Cook raises a number of interrelated issues on appeal. His primary contention in each case is that once the district court declared that it lacked subject matter jurisdiction, it lacked jurisdiction to award costs and attorney fees and to enjoin him from relitigating the issues raised on these actions. We affirm in part and reverse in part.
I. Facts and Proceedings Below
Cook was one of 750 to 1,000 employees of Kiewit-Southern, a joint venture of Peter Kiewit Sons Co. and Southern Electrical Contractors, Inc., who claimed exemption from income tax withholding on FORM W-4. The IRS reviewed Cook’s claim of exemption and, concluding that it lacked merit, ordered his employer to begin withholding at a specified rate. The employer complied with the order.
A. Cook I
Cook first sued his employer and some of its employees for breach of the employment contract in Superior Court, Solano County, California (Cook I). Within a few days after filing the complaint, Cook recorded a number of documents which placed liens and other impediments upon personal and real property of the Kiewit defendants and other persons named in the suit. The Kiewit defendants demurred, seeking dismissal. The United States, represented by attorney Larry Meuwissen, submitted an amicus curiae brief supporting dismissal. Cook did not oppose dismissal, and the Solano County Superior Court (Judge Dwight C. Ely) dismissed the action on June 16, 1983.
Judge Ely’s dismissal was vacated, and on rehearing Superior Court Judge Michael McInnis again dismissed the action on July 15, 1983. He found the complaint did not state a cause of action and that subject matter jurisdiction was lacking. He declared the lien type documents devoid of legal effect, enjoined Cook from filing any more such documents in Solano County, and awarded attorney fees. Cook did not appeal this judgment.
B. Cook II
On June 23, 1983, Cook filed a complaint in Cook II, realleging the claims of Cook I and adding claims sounding in defamation and trespass. Cook also added as defendants counsel for the Kiewit defendants in Cook I, Judge Ely, Judge McInnis, Larry Meuwissen, the Solano County Clerk, a deputy clerk, and an IRS official. Since an officer of the United States was named as
a defendant, the case was removed to the United States District Court for the Eastern District of California. The case was assigned to Judge Milton Schwartz.

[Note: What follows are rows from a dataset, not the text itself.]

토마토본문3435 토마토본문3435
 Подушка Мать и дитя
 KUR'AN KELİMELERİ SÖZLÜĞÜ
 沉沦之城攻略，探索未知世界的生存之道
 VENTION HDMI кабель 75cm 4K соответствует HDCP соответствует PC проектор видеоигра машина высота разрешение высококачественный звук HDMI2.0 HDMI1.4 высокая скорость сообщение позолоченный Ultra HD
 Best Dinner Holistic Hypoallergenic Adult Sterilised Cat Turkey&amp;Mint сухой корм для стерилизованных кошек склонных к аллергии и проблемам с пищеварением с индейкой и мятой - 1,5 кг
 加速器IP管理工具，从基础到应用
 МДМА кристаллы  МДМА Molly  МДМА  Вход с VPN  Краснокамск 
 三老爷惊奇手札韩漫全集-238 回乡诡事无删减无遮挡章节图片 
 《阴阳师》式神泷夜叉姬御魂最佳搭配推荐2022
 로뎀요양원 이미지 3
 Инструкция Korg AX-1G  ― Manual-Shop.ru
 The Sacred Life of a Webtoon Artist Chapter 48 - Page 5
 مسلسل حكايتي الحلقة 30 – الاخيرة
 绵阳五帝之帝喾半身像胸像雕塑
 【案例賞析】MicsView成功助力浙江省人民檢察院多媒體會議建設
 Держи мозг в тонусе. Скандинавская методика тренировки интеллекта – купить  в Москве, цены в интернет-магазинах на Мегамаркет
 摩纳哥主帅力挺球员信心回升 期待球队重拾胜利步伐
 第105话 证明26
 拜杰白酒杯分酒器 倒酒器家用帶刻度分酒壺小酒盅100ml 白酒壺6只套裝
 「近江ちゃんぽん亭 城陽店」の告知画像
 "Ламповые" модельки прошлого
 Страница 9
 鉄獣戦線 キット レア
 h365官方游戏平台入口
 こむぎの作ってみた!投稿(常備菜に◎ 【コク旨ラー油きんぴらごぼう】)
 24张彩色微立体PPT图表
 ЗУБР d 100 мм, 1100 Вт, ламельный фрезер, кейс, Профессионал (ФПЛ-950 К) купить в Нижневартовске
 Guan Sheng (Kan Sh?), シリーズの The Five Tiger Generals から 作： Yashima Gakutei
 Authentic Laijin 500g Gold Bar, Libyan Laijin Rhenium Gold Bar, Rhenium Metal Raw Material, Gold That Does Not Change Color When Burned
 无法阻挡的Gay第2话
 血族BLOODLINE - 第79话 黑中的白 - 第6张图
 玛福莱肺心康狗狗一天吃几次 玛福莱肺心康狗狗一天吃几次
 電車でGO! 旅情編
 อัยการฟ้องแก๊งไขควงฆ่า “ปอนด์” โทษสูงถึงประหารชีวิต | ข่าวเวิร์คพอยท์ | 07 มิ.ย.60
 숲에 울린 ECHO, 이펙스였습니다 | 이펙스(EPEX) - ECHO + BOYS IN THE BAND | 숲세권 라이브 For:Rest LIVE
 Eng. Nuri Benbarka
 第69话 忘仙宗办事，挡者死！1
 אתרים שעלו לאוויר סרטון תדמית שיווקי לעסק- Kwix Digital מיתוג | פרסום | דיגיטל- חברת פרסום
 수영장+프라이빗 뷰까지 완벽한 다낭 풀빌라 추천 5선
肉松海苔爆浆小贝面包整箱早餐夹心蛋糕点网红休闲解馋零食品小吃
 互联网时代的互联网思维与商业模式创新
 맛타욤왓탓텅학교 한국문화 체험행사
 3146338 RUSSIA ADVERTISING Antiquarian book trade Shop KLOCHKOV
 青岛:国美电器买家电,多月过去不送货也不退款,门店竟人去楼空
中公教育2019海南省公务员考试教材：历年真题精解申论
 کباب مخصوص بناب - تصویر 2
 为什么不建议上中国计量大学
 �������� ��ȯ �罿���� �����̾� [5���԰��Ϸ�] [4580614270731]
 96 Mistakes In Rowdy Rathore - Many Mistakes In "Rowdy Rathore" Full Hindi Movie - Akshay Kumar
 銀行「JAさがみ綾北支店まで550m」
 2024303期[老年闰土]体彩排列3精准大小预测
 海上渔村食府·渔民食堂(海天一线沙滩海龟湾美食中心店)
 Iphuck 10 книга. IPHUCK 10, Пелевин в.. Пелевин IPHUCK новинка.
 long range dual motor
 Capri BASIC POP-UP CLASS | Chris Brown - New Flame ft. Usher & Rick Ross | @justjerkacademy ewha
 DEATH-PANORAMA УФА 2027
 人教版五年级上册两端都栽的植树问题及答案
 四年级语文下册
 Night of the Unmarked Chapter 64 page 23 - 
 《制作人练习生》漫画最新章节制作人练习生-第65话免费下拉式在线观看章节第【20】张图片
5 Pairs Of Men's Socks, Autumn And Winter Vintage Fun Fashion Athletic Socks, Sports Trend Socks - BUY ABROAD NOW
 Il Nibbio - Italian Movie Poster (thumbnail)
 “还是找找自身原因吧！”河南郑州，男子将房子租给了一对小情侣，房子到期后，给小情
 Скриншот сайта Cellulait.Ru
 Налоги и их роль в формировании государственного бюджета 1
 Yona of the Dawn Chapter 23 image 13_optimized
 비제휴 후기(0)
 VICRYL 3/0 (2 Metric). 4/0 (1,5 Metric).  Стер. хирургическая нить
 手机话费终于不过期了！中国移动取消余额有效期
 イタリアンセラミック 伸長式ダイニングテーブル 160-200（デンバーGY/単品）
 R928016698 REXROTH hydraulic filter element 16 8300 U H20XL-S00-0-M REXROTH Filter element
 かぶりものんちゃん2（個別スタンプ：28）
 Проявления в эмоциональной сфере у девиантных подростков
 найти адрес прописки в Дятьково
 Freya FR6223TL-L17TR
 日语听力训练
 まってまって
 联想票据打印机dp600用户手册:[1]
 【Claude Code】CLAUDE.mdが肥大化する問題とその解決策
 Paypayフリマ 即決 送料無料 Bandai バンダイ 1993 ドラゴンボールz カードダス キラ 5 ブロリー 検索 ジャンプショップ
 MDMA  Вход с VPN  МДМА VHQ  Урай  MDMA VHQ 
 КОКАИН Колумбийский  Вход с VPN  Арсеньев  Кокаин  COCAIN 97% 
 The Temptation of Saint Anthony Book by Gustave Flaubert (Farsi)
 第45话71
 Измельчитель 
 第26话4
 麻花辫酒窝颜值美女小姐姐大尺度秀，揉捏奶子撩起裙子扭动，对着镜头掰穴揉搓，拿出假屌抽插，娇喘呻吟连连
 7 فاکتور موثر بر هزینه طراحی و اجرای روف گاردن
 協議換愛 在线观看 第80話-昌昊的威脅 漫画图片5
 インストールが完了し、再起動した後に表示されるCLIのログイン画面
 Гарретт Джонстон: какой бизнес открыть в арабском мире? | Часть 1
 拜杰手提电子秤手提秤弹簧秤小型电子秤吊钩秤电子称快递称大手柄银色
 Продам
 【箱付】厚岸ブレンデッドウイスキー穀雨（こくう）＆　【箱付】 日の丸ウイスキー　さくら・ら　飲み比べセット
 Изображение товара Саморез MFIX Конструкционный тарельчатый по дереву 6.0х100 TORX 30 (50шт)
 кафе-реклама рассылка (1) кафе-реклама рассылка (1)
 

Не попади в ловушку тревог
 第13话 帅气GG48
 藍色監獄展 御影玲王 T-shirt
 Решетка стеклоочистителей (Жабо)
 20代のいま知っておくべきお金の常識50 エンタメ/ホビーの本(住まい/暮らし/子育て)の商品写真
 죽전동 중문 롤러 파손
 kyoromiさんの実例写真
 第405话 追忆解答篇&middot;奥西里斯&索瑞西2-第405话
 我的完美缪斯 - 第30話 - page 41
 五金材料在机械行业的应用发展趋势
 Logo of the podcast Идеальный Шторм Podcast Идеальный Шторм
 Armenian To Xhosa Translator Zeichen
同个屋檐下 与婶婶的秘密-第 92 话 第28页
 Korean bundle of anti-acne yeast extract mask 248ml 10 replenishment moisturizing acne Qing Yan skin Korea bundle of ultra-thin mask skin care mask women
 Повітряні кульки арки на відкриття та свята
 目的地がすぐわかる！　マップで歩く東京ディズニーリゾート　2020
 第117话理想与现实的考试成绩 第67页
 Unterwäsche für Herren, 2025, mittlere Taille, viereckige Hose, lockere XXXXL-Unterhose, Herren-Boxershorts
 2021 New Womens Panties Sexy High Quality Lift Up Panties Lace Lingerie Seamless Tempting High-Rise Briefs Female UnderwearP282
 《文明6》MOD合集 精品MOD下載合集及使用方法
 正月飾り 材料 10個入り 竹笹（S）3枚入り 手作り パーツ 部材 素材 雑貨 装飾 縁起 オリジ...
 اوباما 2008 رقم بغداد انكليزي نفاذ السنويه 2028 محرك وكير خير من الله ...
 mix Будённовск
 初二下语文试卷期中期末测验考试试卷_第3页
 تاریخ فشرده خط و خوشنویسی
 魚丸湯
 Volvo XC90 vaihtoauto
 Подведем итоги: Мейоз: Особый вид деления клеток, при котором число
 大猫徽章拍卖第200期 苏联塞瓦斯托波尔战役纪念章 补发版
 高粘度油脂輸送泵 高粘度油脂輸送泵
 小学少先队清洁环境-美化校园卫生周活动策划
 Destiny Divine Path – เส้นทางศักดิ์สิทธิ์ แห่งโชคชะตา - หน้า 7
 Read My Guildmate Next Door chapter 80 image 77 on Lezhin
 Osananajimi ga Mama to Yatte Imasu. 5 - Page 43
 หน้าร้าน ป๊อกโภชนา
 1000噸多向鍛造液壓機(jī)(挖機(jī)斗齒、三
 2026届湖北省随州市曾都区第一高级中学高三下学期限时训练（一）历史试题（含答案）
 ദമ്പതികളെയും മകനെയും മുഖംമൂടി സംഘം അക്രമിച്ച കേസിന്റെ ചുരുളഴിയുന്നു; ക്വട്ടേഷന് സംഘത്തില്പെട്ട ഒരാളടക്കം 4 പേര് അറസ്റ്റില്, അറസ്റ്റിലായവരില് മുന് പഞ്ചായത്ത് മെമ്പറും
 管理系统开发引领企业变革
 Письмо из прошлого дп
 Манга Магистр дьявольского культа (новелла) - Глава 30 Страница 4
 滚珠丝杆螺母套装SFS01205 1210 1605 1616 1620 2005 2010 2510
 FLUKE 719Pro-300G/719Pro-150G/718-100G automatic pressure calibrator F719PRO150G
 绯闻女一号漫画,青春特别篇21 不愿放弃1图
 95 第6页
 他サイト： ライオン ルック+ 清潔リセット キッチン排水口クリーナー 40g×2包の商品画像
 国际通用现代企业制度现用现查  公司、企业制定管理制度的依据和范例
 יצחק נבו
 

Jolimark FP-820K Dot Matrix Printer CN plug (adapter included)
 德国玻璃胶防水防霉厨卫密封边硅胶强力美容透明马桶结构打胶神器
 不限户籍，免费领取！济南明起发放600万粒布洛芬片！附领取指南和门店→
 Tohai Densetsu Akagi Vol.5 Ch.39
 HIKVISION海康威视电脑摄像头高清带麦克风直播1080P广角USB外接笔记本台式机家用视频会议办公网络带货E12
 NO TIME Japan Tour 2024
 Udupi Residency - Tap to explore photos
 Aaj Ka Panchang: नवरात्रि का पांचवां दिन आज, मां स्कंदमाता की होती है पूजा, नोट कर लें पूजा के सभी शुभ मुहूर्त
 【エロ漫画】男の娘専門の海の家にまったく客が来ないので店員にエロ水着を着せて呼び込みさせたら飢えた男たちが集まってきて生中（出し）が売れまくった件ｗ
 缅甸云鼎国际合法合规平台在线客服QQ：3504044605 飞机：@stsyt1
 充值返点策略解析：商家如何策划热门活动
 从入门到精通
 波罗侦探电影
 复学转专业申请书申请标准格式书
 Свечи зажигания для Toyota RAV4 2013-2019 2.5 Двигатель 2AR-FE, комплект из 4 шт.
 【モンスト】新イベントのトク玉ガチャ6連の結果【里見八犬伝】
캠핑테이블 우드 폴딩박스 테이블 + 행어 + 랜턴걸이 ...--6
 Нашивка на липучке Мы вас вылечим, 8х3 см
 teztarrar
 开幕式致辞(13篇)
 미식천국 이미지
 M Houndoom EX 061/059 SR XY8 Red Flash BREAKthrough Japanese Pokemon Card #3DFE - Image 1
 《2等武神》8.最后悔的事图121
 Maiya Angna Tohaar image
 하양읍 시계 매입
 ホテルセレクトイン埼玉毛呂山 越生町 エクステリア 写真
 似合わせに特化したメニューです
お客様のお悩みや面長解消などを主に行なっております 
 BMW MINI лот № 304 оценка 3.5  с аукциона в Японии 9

The defendants moved for dismissal or summary judgment in Cook II, on the grounds, inter alia, of res judicata, collateral estoppel, official immunity, and lack of proper service of process. In addition, they contended that the suit was frivolous and brought in bad faith. Following a hearing and oral argument on November 18, 1983, Judge Schwartz orally indicated that he would grant the defendants’ motions. On December 22, 1983, however, before Judge Schwartz had entered a written order, he was named as a defendant in Cook III. Consequently Judge Schwartz was unable to file a written order until July 16, 1984, after Cook III had been dismissed by Judge Ramirez.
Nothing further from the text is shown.